Iraqi Shia militia who fought Isil condemned for revenge beheadings
Militant off-shoot Imam Ali Brigade, who took part in attack on Isil under American air cover, condemned for beheading of Sunni captives
The beheadings and photographs are intended as a direct response to
the propaganda of the Islamic State in Iraq and the Levant (Isil), which
has gloried in the beheading of captives.
Apart from the American journalists James Foley and Steven Sotloff, hundreds of pictures have been circulated by Isil of the heads of Syrian government soldiers and other captives, while hundreds of other prisoners have been summarily shot.

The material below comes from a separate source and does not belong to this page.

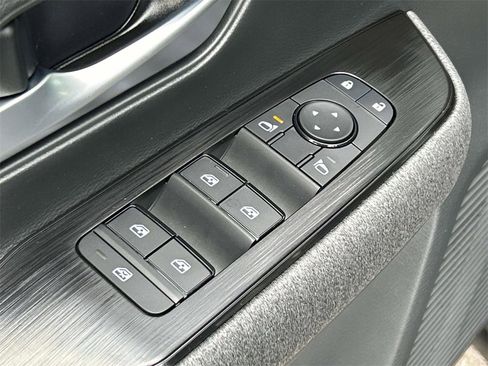 New 2026 Nissan Kicks SV image 20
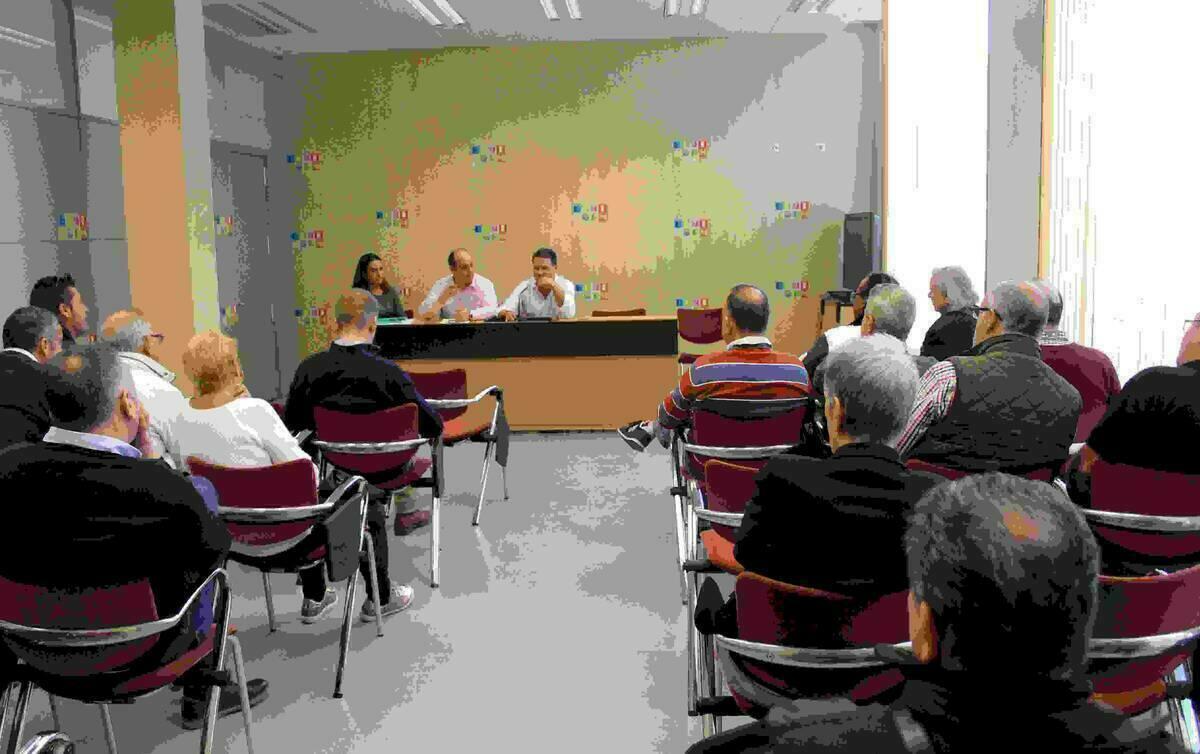 Benidorm &middot; El Ayuntamiento informa a los vecinos de Tom&aacute;s Ortu&ntilde;o sobre la programaci&oacute;n de las obras de peatonalizaci&oacute;n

The revenge killings were apparently the work of a Shia militia splinter group called the Imam Ali Brigade, after the founding father of Shi’ism, the Islamic world’s fourth caliph.
It is nominally a unit of Asa’ib Ahl al-Haq Brigade, or the League of the Righteous, which kidnapped the British IT engineer Peter Moore in 2007 and killed his four British bodyguards and has since become a powerful fighting unit in both Syrian and Iraqi civil wars.
That brigade in turn split off from the Mahdi Army, the principal Shia militia that fought the Americans in the Iraqi civil war. However Moqtada al-Sadr, the Mahdi Army leader who is now an important power-broker in Iraq’s politics, condemned the beheadings, saying they were “an insult to the true doctrine”.
“Punishment must be announced against those who commit this kind of crimes, whoever they are,” he said.